**Information provided**
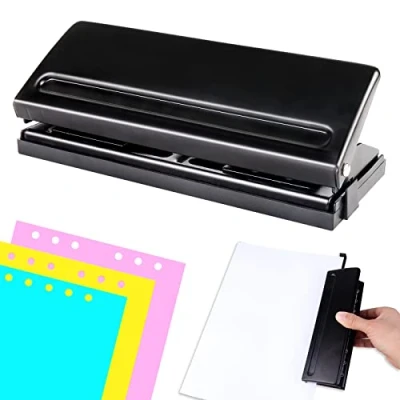 Afbeelding van 6 voudige perforator, A5, A6, A7, ringgaten met positioneringsmarkering, bindmiddel, puncher, verstelbare afstanden, metalen voor dagplanner, personeel, agenda, navulpagina&#039;s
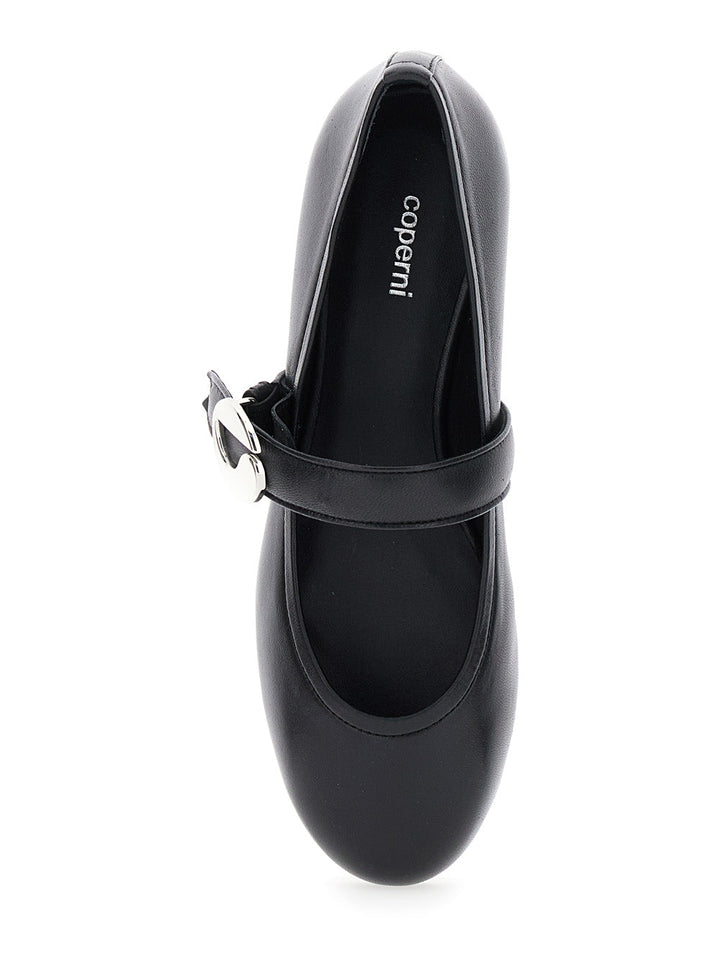 Coperni Women Black Ballerinas With Metallic Logo And Strap In Smooth Leather Woman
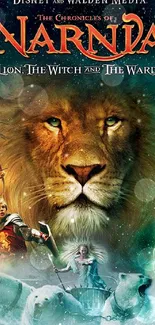 Narnia themed mobile wallpaper with lion centerpiece and fantasy elements.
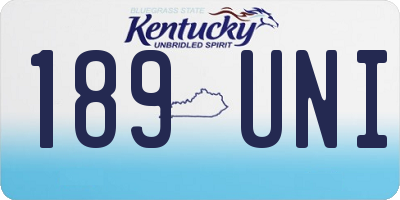 KY license plate 189UNI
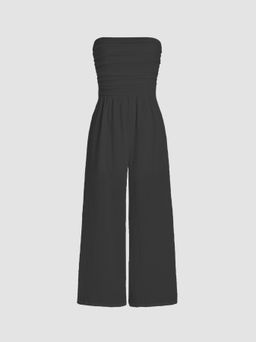 Cider - Texture Ruched Tube Wide Leg Jumpsuit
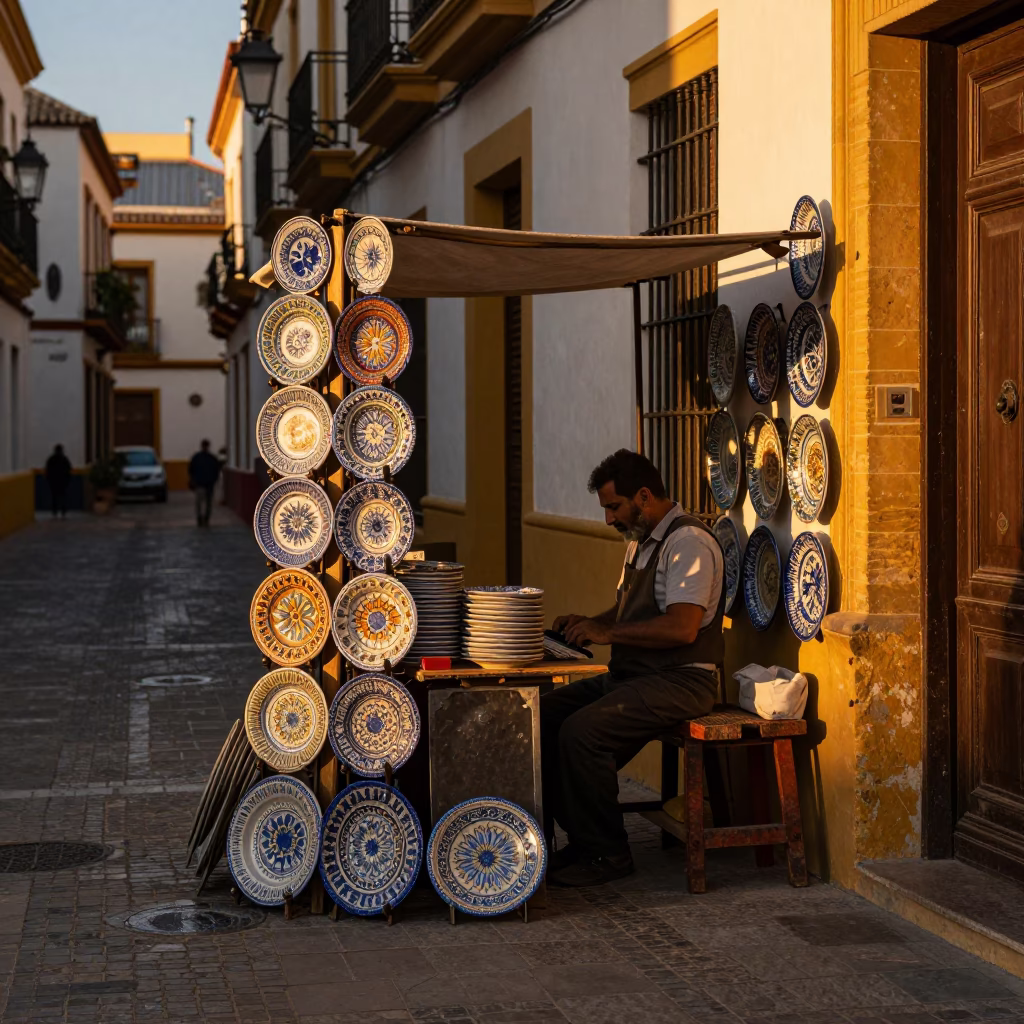 Golden Hour Seville Street Scene with Hammered Metal and Majolica Plates in in Seville, Spain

**Task requirements**
A word-for-word copy of all the data is required, minus the pictures.

**Task solution**
 Afbeelding van 6 voudige perforator, A5, A6, A7, ringgaten met positioneringsmarkering, bindmiddel, puncher, verstelbare afstanden, metalen voor dagplanner, personeel, agenda, navulpagina&#039;s
 Coperni Women Black Ballerinas With Metallic Logo And Strap In Smooth Leather Woman
 Narnia themed mobile wallpaper with lion centerpiece and fantasy elements.
 KY license plate 189UNI
 Cider - Texture Ruched Tube Wide Leg Jumpsuit
 Golden Hour Seville Street Scene with Hammered Metal and Majolica Plates in in Seville, Spain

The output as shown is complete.